Таким образом, он решает, что его книга будет написана «согласно эстетике сновидения, где каждая форма умножается и продлевается, где видения переходят из тривиальных в апокалиптические, где мозг пользуется корнями слов, чтобы извлечь из них другие, способные поименовать его фантазмы, его аллегории, его аллюзии»[316]. Итак, с самого начала «Финнеганов помин» предвещает себя таким, каким он будет: ночным эпосом двусмысленности и метаморфозы, мифом о смерти и всеобщем воскресении, в котором каждая фигура и каждое слово встанет на место всех других, так что четких границ между событиями не будет, и каждое событие будет подразумевать все остальные в чем‑то вроде первоначального единства, не исключающего столкновения и оппозиции между членами, образующими пары противоположностей.
Поэтика циклов Вико
Но, разъяснив, что хотел сделать Джойс, нужно определить, почему он поставил перед собой такую задачу. Что нового в сравнении с «Улиссом» сулил ему план нового произведения? Если «Улисс» был, как мы пытались показать, примером парадоксального равновесия между формами отверженного мира и беспорядочным содержанием мира нового, то следующее произведение попытается стать изображением хаоса и множественности, в пределах которой автор будет искать наиболее родственные ей модусы порядка. Культурным опытом, побудившим принять такое решение, стало чтение Вико.
Не напрасно здесь сказано «чтение», а не «приятие». Как напрямую утверждал сам Джойс (и как уже упоминалось выше), он не нашел в Вико философа, в которого можно «верить»: он нашел автора, будившего его воображение и открывавшего перед ним новые горизонты. Расставшись с «Улиссом», где ему удалось ухватить жизненность живой жизни и пришлось опутать ее петлями чуждого ей культурного порядка, Джойс находит в Вико новые перспективы. Он знает итальянского философа уже на протяжении многих лет, но чувствует, что обязан перечесть его (особенно «Новую науку») внимательнее, когда принимается за свою новую книгу. В 1926 году он пишет, что хотел бы легкомысленнее относиться к теориям Вико и использовать их лишь для того, для чего они ему нужны; однако мало-помалу они становились в его глазах все более значительными и ознаменовали собою различные этапы его жизни[317]. Джойс, ни много ни мало, приравнивает уроки Вико к сведениям, усвоенным им из современной философии и науки. В письме от 1927 года присутствует несколько темный намек, в котором имя Вико связывается не только с именем Кроче (что было бы вполне естественно), но и с именем Эйнштейна[318].

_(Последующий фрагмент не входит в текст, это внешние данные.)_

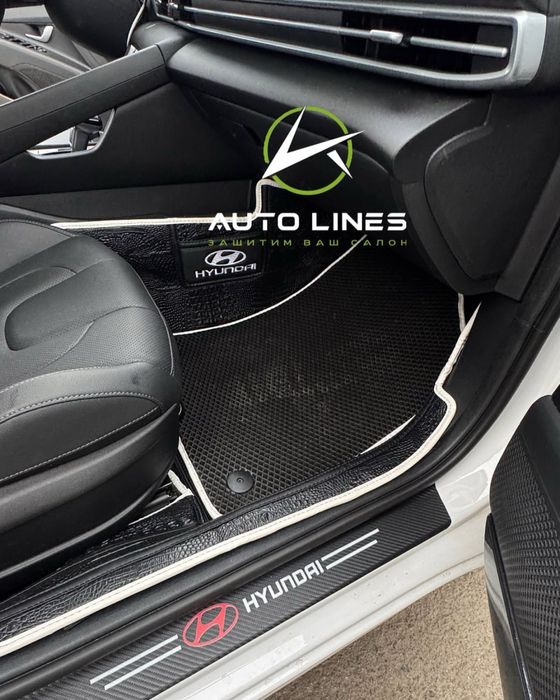 Купить Коврик ЕВА 3 5д Полик Авто Полики Салон Есть Рассрочка Доставка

Прежде всего, понятно, что у Вико его поразила потребность в таком порядке мира, искать который нужно было не за пределами событий (как это было в случае «Улисса»), но внутри самих событий, в живой плоти истории; равным образом внимание Джойса привлек взгляд на историю как на чередование однотипных циклов. Но эту теорию он весьма непринужденно связывает с восточными концепциями всеобщего круговорота, так что в ткани «Помина» историцистская теория циклов становится неким эсотерическим понятием, напоминающим скорее «вечное возвращение», где над развитием преобладает кругообразное тождество всего и вся и постоянное повторение исходных архетипов. При этом Джойс отказывается от того философского синкретизма, который лежит в основе каждого совершаемого им идеологического выбора и в который он тем не менее незаметно впадает, говоря, что неаполитанский философ нужен ему, чтобы стимулировать его фантазию, а не для того, чтобы утвердить ту или иную «науку».